I found no comfort in my morning ritual, no solace from my habitual cup of tea. I barely
tasted my orange as I methodically swallowed it. Sitting at home was just making me
restless. I felt like a child the night before Christmas anticipating a
desperately-wished-for present. I put on my favorite suit--Mars red--and decided it was
best not to wake my daughter, Laura, who was home from college for the summer. She planned
to catch up with me around 10 a.m.,the moment the Pathfinder was scheduled to enter the
Martian atmosphere. She could use the sleep for the eventful day ahead, I thought. I drove
the six miles from my house in La Canada to the Jet Propulsion Laboratory (JPL), in
California, arriving at 6:30 a.m., an hour before I was supposed to report for work.
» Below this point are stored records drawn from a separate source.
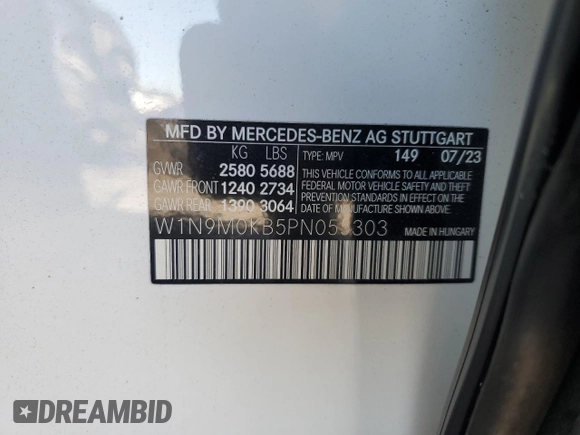 2023 Mercedes-Benz EQB 300 z VIN W1N9M0KB5PN055303, wystawiony jako Copart lot #46935765 z przebiegiem 4960 mil mil oraz Szkody całkowita. Historia ofert i sprzedaży dostępna na DreamBid. Obrazek 13.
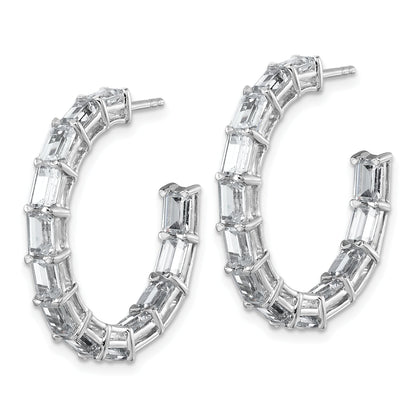 14K White Gold 6 1/2 Carat Lab Grown Diamond Vs/Si+ G+ Emerald Complete In And Out Hoop Earrings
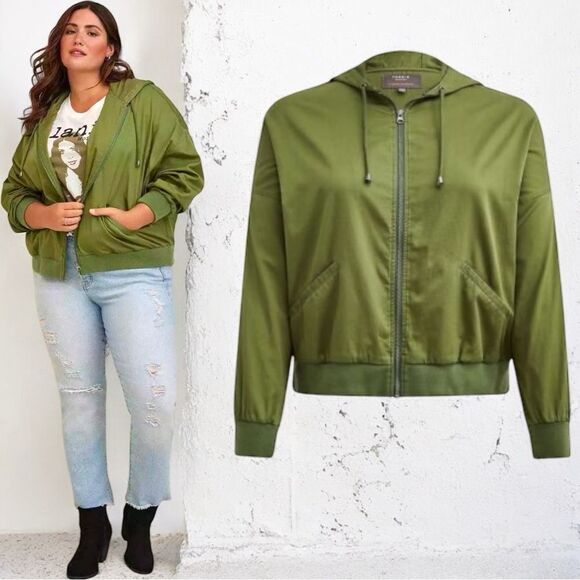 Torrid Olive Green Twill Dolman Sleeve Zip Front Anorak Jacket Size 3 3XL - Picture 1 of 15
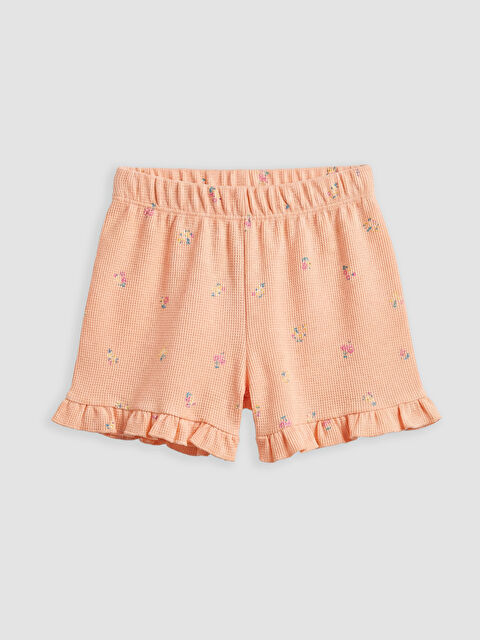 LCW Kids Beli Lastikli Çiçekli Kız Çocuk Şort	 - S6O561Z1-LR9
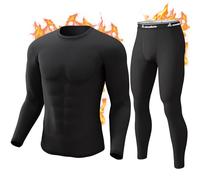 CL convallaria Thermal Underwear for Men Long Johns Soft Fleece Lined Base Layer Cold Weather Top Bottom Set Black-XL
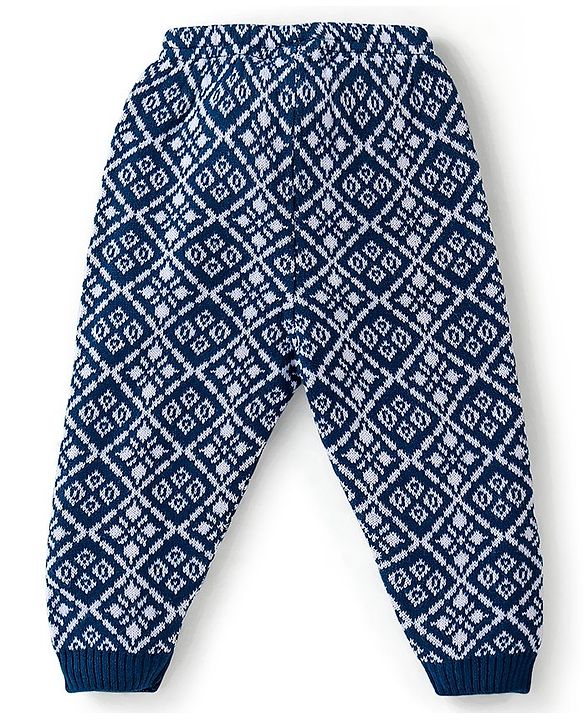 Babyhug Knit Full Length Fleece and Woollen Pant Square Design - Navy Blue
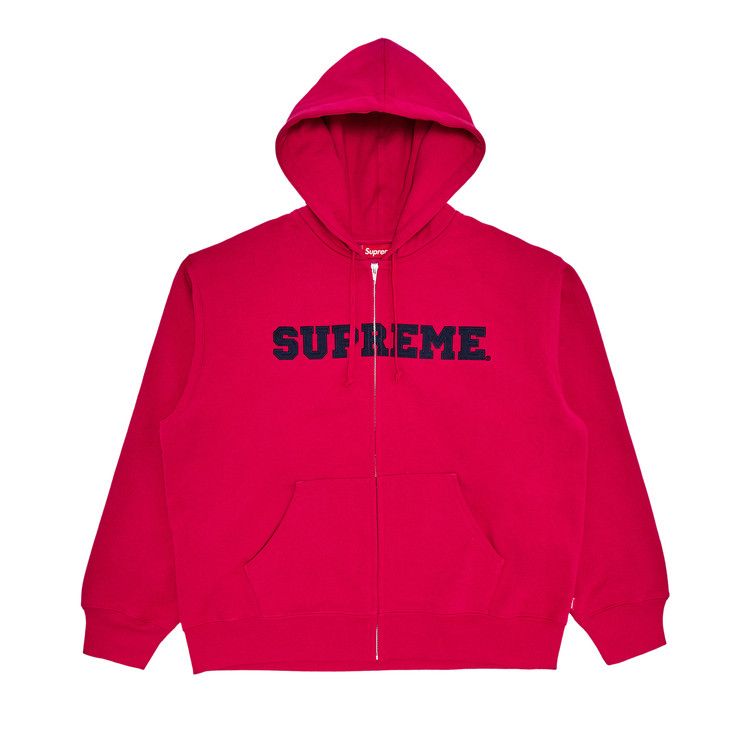 Supreme Collegiate Appliqué Zip Up Hooded Sweatshirt 'Fuchsia'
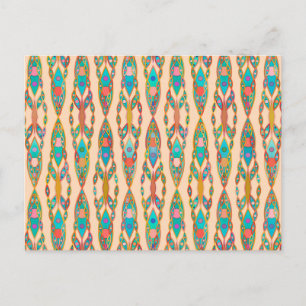 Carte Postale Batik Tribal - Rose Pêche et Turquoise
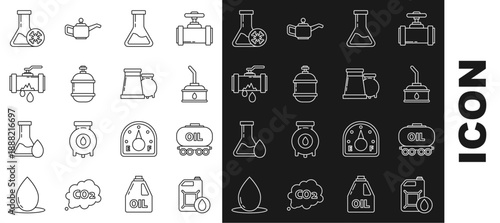 Set line Canister for motor machine oil, Oil railway cistern, Test tube and flask, Propane gas tank, Broken metal pipe with leaking water, Antifreeze test and industrial factory building icon. Vector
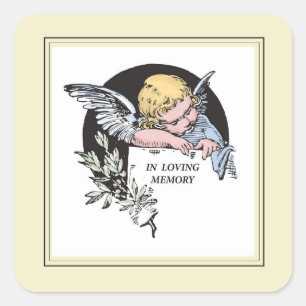 Sticker Carré Ange Vintage En Souvenir Affectueux, Souvenir, Or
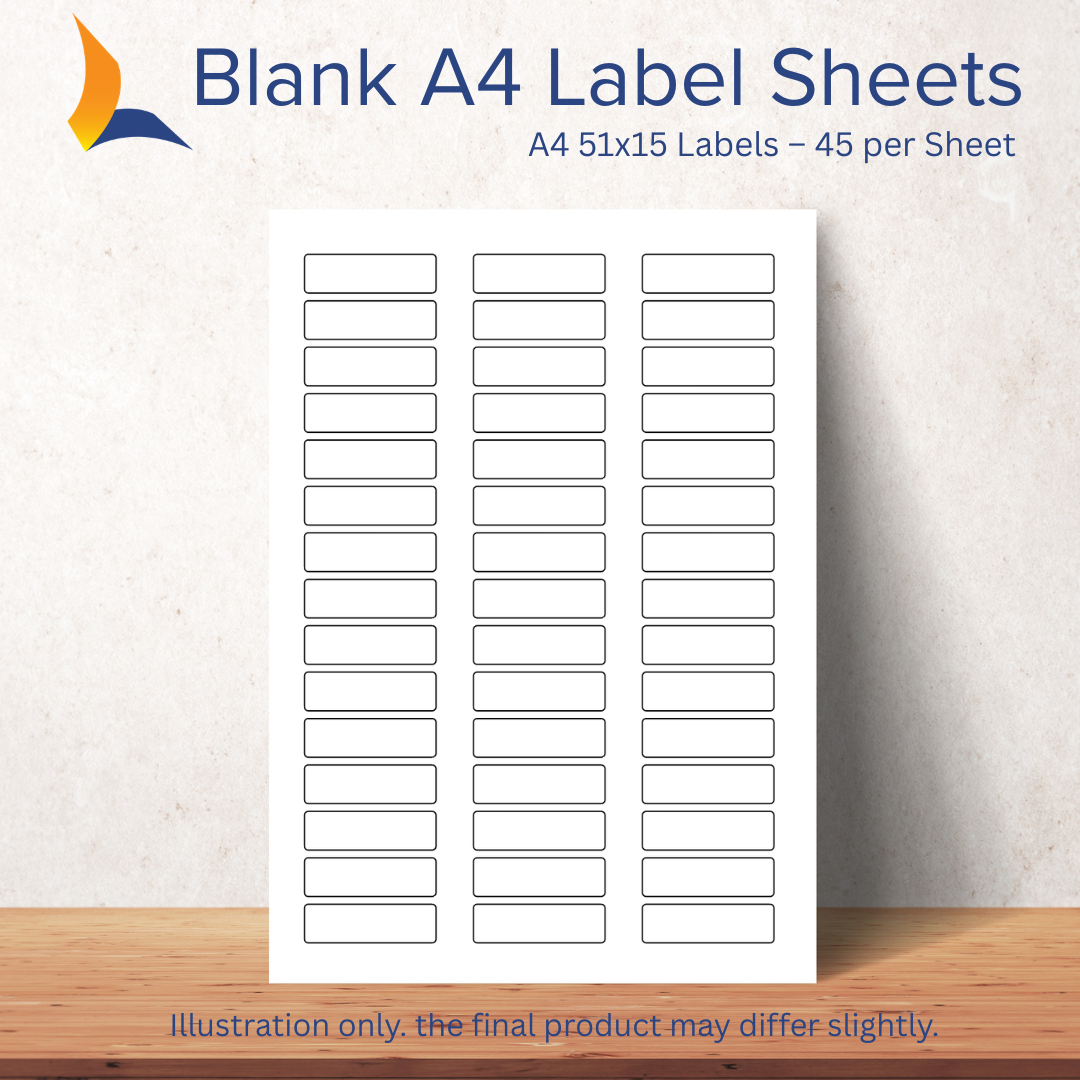 A4 51x15 Labels – 45 per Sheet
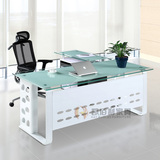 现代办公家具钢化玻璃大班台老板桌总栽桌白色烤漆经理主管办公桌
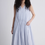 Thumbnail: Front drawstring side pockets pastel blue puff sleeveless halter cotton rayon dr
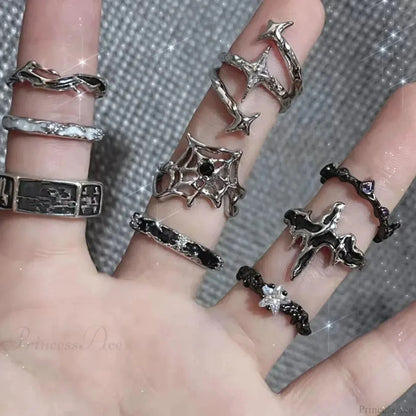 Dark Black Cross Star Ring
Though I'd driven the two blocks of Oak Grove Drive nearly every day for the thirty years
I'd worked at JPL, I'd never seen it as packed with journalists as it was that day. Local,
national, and international television trucks lined the street. Von Karman Auditorium,
near the entrance to the JPL campus, bustled with print and radio reporters already hard
at work on this story. Photographers snapped pictures of the full-scale models of the
Pathfinder we'd displayed on the JPL mall and in the auditorium. Video crews jockeyed for
position around the models and on the risers at the back of the auditorium. Competition
for a good spot was so heated that JPL had taped off separate areas for each crew to
prevent squabbles. I knew the Fourth of July was a slow news day, but I'd never expected
the interest to be as high as this. Something about Pathfinder and Sojourner had really
captured the public's imagination.
The generation that had grown up watching Star Trek and Star Wars really hadn't seen a
planetary landing in its lifetime. For this generation, the Pathfinder mission was akin to
Neil Armstrong's moon landing on July 20, 1969. We knew we already had a built-in
international audience of the millions of people who had tracked the mission's progress on
the Internet Web site we'd constructed for Pathfinder before it took off on December 4,
1996. Popular culture fostered an interest in space, but the real world rarely delivered
the goods. Today--on Independence Day no less--the real world was delivering.